To już drugie spotkanie obu drużyn w tym sezonie. Trzy tygodnie temu wicemistrzowie Polski po zaciętym meczu przegrali na Węgrzech 27:28. Mieli szansę na remis, ale źle rozegrali ostatnią akcję.
– Nie zagraliśmy wcale złego spotkania. Zabrakło nam trochę skuteczności i chłodnej głowy w końcówce. Teraz będziemy jednak mieli znaczącą przewagę. Gramy na naszym terenie, przed naszymi kibicami. Ich doping na pewno nas poniesie, wierzymy, że trzy punkty zostaną w Kielcach – przyznał skrzydłowy Cezary Surgiel.

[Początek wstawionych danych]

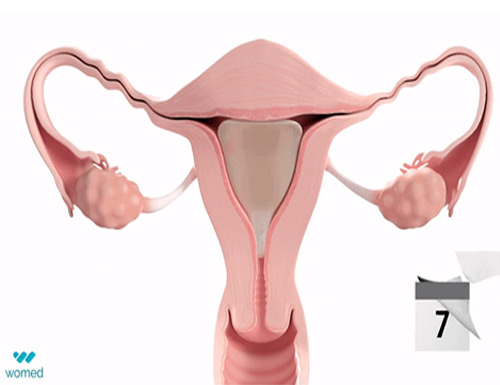 Female Fertility Preserving Device Launches in Europe by Womed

– Przed meczem w Szegedzie wiele osób mówiło, że węgierska ekipa jest w kryzysie, bo przegrała mecz ligowy, a w Lidze Mistrzów ulegli u siebie norweskiemu Kolstad. Tymczasem wygrali z nami, a w lidze węgierskiej zwyciężyli w prestiżowym pojedynku z Veszprem. Nie ma mowy o żadnym kryzysie. To bardzo groźny zespół, który na każdej pozycji ma dwóch równorzędnych zawodników – ostrzegał Krzysztof Lijewski.
W ciągu ostatnich trzech tygodni poprawiła się sytuacja kadrowa kieleckiej drużyny. W ostatnim ligowym meczu z Piotrkowianinem po dwumiesięcznej przerwie zagrał już Alex Dujshebaev, a treningi po złamaniu ręki wznowił bośniacki bramkarz Bekir Cordalija.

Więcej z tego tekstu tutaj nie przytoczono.